Make an exact copy of the listing underneath, skipping each picture.

* **Entries shown**:
+++
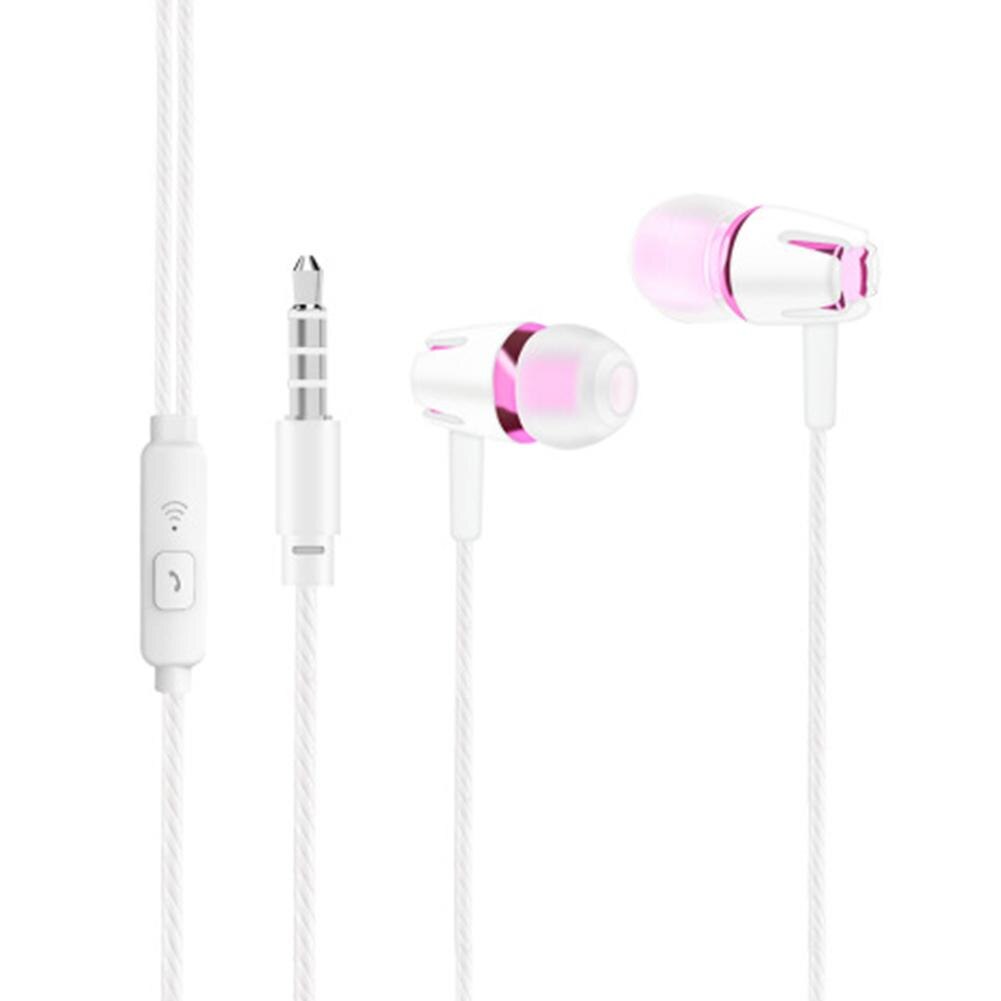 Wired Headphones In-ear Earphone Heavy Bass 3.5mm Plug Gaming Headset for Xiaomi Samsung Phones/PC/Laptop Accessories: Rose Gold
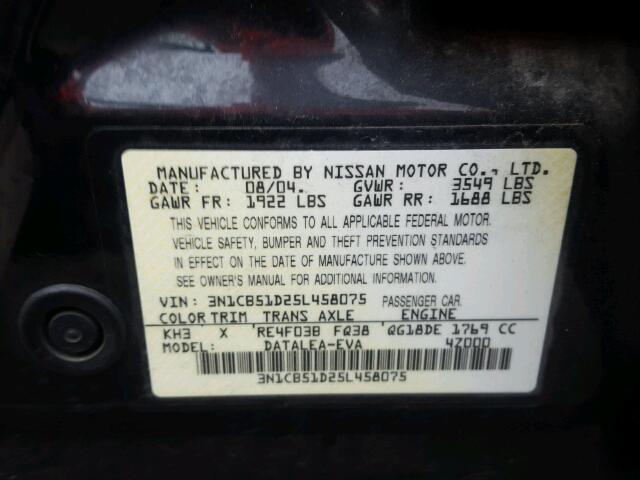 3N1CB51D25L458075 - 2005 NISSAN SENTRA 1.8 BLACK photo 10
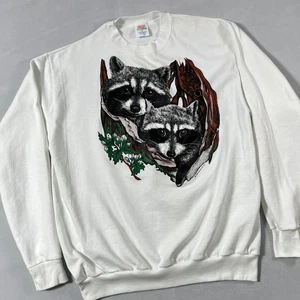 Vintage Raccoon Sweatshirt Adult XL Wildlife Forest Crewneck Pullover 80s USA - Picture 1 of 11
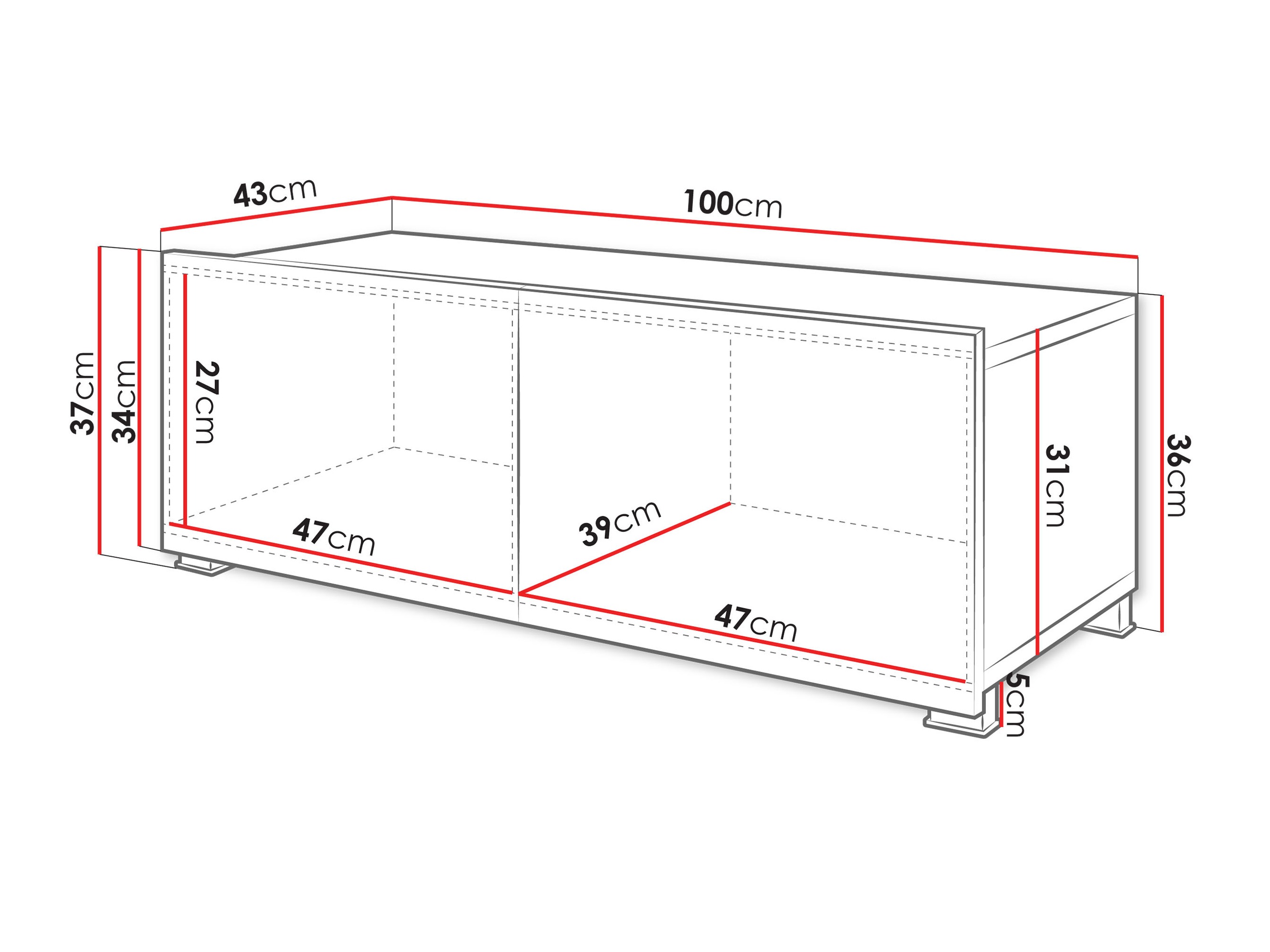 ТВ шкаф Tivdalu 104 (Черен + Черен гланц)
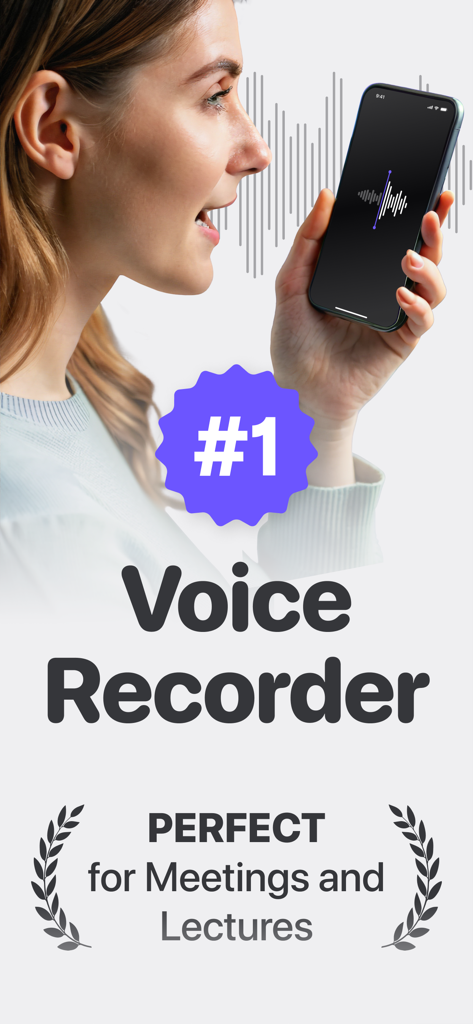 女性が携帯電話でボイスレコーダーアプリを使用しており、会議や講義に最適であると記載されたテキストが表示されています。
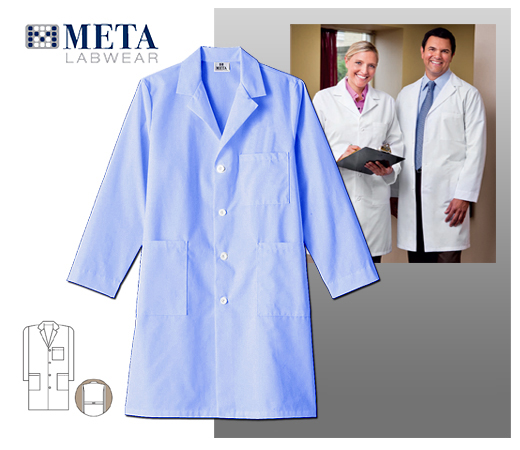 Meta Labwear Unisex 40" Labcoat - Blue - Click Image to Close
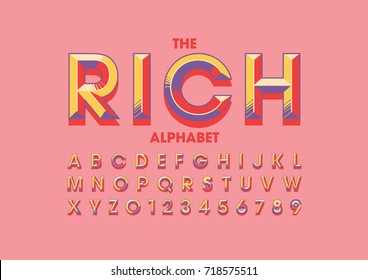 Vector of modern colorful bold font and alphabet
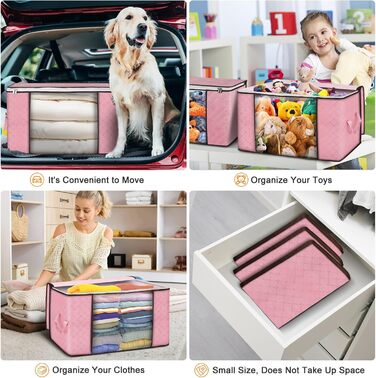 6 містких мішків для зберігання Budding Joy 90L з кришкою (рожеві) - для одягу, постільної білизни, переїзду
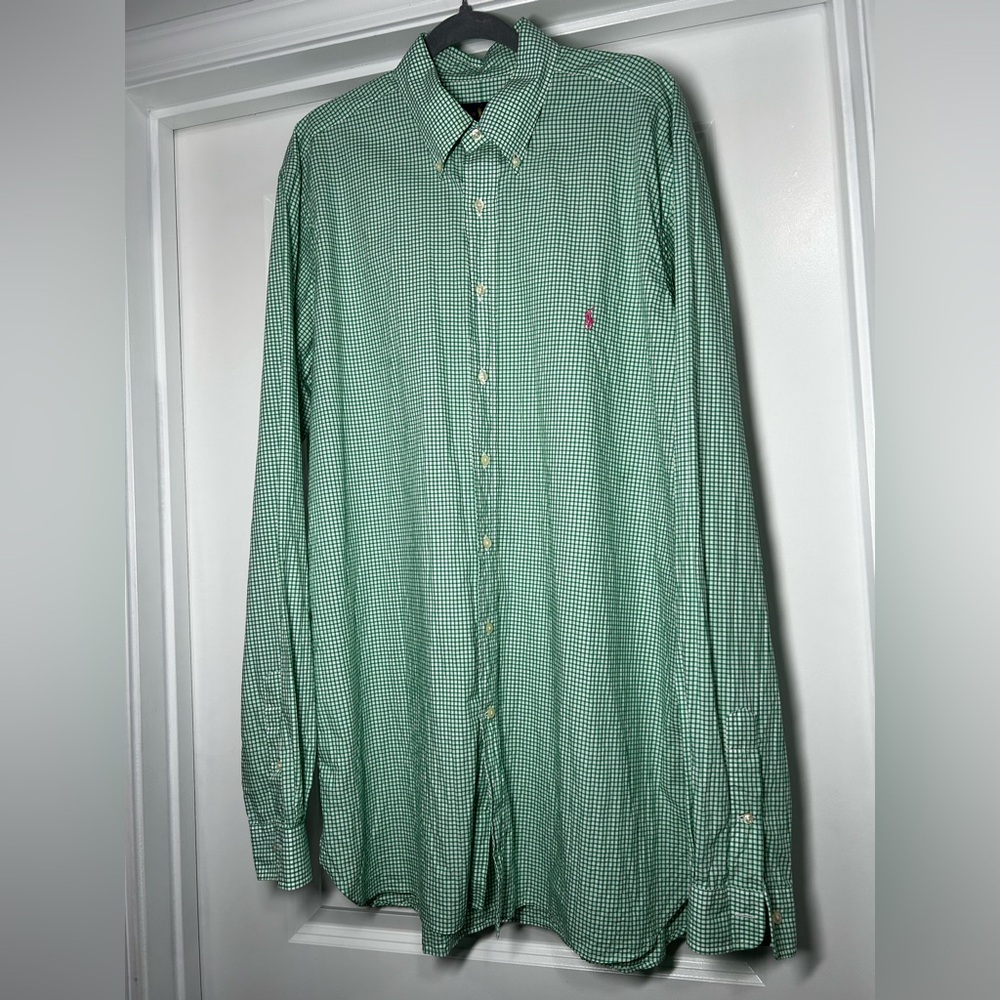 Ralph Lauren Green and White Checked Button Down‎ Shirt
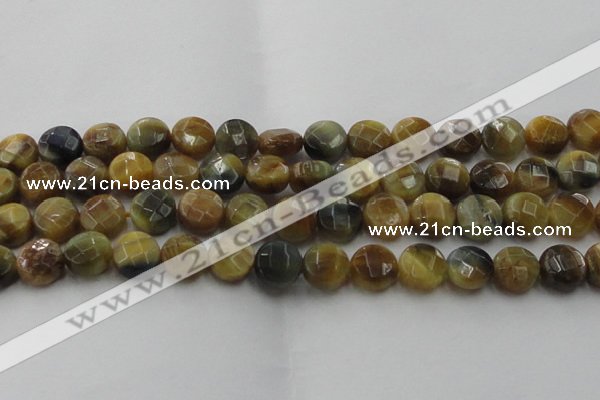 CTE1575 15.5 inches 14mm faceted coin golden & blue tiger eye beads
+++
* **Solution to the exercise**:
 Wired Headphones In-ear Earphone Heavy Bass 3.5mm Plug Gaming Headset for Xiaomi Samsung Phones/PC/Laptop Accessories: Rose Gold
 3N1CB51D25L458075 - 2005 NISSAN SENTRA 1.8 BLACK photo 10
 Vintage Raccoon Sweatshirt Adult XL Wildlife Forest Crewneck Pullover 80s USA - Picture 1 of 11
 ТВ шкаф Tivdalu 104 (Черен + Черен гланц)
 女性が携帯電話でボイスレコーダーアプリを使用しており、会議や講義に最適であると記載されたテキストが表示されています。
 Meta Labwear Unisex 40" Labcoat - Blue - Click Image to Close
 Vector of modern colorful bold font and alphabet
 6 містких мішків для зберігання Budding Joy 90L з кришкою (рожеві) - для одягу, постільної білизни, переїзду
 Ralph Lauren Green and White Checked Button Down‎ Shirt
 CTE1575 15.5 inches 14mm faceted coin golden & blue tiger eye beads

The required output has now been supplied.